La verdad es que no sabía cómo manejarlo. Un día, con el corazón encogido y las lágrimas a punto de salir, le pregunté a mi papá. Le conté cómo me sentía, cómo su fama me estaba persiguiendo y arruinando todo. Él me habló seriamente y me dijo:

«Mi fama, si es que la tengo, es mía y no tuya. No tienes que lidiar con nada, pero tú abriste la puerta al escarnio y al reflector adolescente cuando decidiste contar de quién eres hija, a sabiendas de que estudias en un colegio católico.»

Sus palabras fueron como un puñal. Tenía razón. Fui yo. Yo, la niña que busca la aprobación, la que quería ser especial. Y ahora, ahí estaba, con la sombra del Príncipe Lucifer persiguiéndome, con el peso de su «brujería» y sus temas prohibidos sobre mis hombros, y con la vergüenza de haberlo hecho público.

Pero entonces, algo «misterioso» ocurrió. Una mañana, la atmósfera en el colegio cambió. De pronto, el escarnio se detuvo. Nadie me molestaba, nadie me hacía el feo. El cambio fue tan drástico que me dejó perpleja. Por supuesto, le pregunté a mi padre sospechando que algo había hecho; pero Él solo respondió muerto de risa: «Seguramente Dios los iluminó.» Todavía, al leer este artículo antes de publicarlo, debe estar riéndose en silencio. También le pregunté a mi madre, por si supiera algo; pero Ella me dijo: “María, vos sabes que tu viejo no me tiene que andar dando explicaciones, pero quédate tranquila: ni loco permitiría que alguno de esos que Él llama ‘caretas de doble moral’ se te atreva a faltar el respeto, nena.”

Pero luego me enteré por boca de una de mis maestras: mi papá se había presentado en el colegio. Tuvo una reunión a puertas cerradas con la Madre Superiora. No sé qué hablaron, pero puedo adivinar. Papá es bueno para «arreglar» las cosas, y seguramente un fuerte donativo (acompañado de dos o tres frasesitas de las de Él) hizo milagros.

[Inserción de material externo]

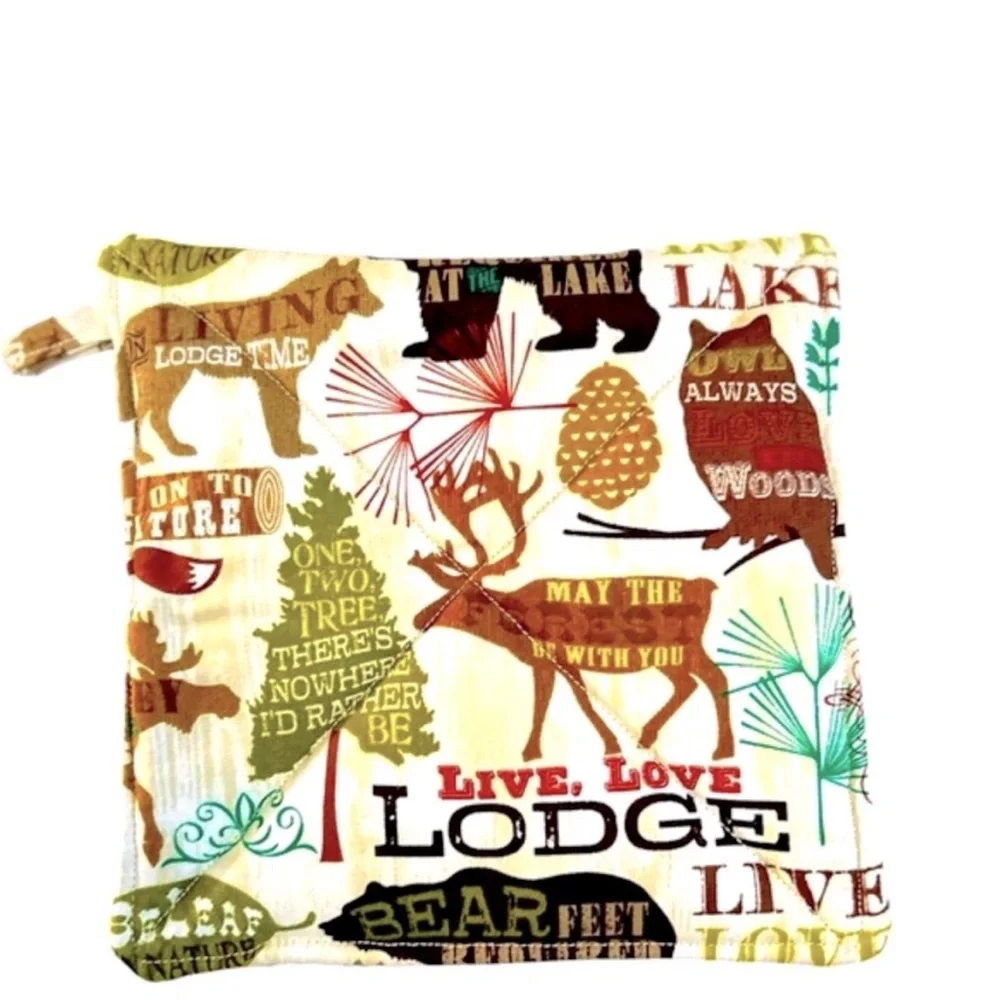 Hand Crafted Nature-Themed Pot Holder - Green, Brown, Cream Hand Crafted Hot Mat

Esto no lo cuento para dejarlo mal parado, sino para resaltar el gran amor que me tiene aunque su respuesta me haya parecido tan dura cuando se lo conté.

A partir de ese día, las monjas empezaron a resaltarme en todo. Que si mi letra era la más bonita, que si mi participación en clase era excelente, que si mi uniforme siempre estaba impecable. Alejandra, después de pedirme disculpas “por arrepentimiento”, fue desplazada y en su lugar, comencé a leer Yo en las misas, por órdenes de la Madre Superiora, decían. Mi nombre por aquí, mi nombre por allá… Era extraño, pero volvieron las amigas y las invitaciones, y ya nadie me señalaba. El rumor de «la hija del Príncipe Lucifer» seguía ahí, pero ahora, misteriosamente, estaba mezclado con un halo de intocabilidad.

La paz regresó, y me gusta pero no del todo, porque mis amigas, aunque se hayan acercado a mí de nuevo, no son auténticas. Ahora sé muy bien lo que mi papá tuvo que hacer, aunque Él (con una sonrisa pícara) lo negará mil veces como siempre.